Language models in generative AI – does size matter?

While SLMs may be useful for smaller generative AI applications or edge AI deployments, there is another field where they have great potential. Agentic AI, the latest iteration of generative AI, uses multiple agents trained to fulfill specific tasks in order to produce results. The aim here is to create and support a process from beginning to end with multiple, specialized agents. Whereas LLM services can be useful for responding generically to queries and interacting with users, agentic AI takes advantage of specialized SLMs to provide more targeted responses that support different steps in an end-to-end process.

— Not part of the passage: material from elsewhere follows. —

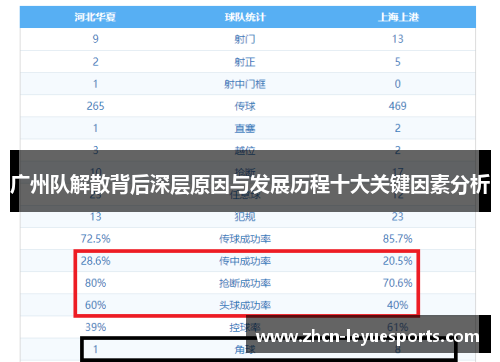 广州队解散背后深层原因与发展历程十大关键因素分析 广州队解散背后深层原因与发展历程十大关键因素分析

With different autonomous agents involved at different steps, SLMs can play an important role in how you design agentic systems. The reason for this is that multi-agent applications can use a lot more resources than stand-alone AI applications to reach their end result. A generative AI application will use a certain number of tokens to process a response, e.g. for embedding requests into vectors. Tokens correspond to the number of words used in prompts, with longer and more complex prompts consuming more tokens.

Each component in an application will consume tokens to respond to a request. Depending on the number of agents and steps within a process, the number of tokens will be significantly higher for agentic AI, as each agent will create a response that consumes tokens, then pass that on to the next step (in turn consuming tokens) to create the next response (consuming tokens again), before the final response is created and sent back to the user. Capgemini estimates that, for a service carrying out one request per minute in response to one sensor event, a single-agent service would cost around $0.41 per day, while a multi-agent system would cost around $10.54 — approximately 26 times more expensive.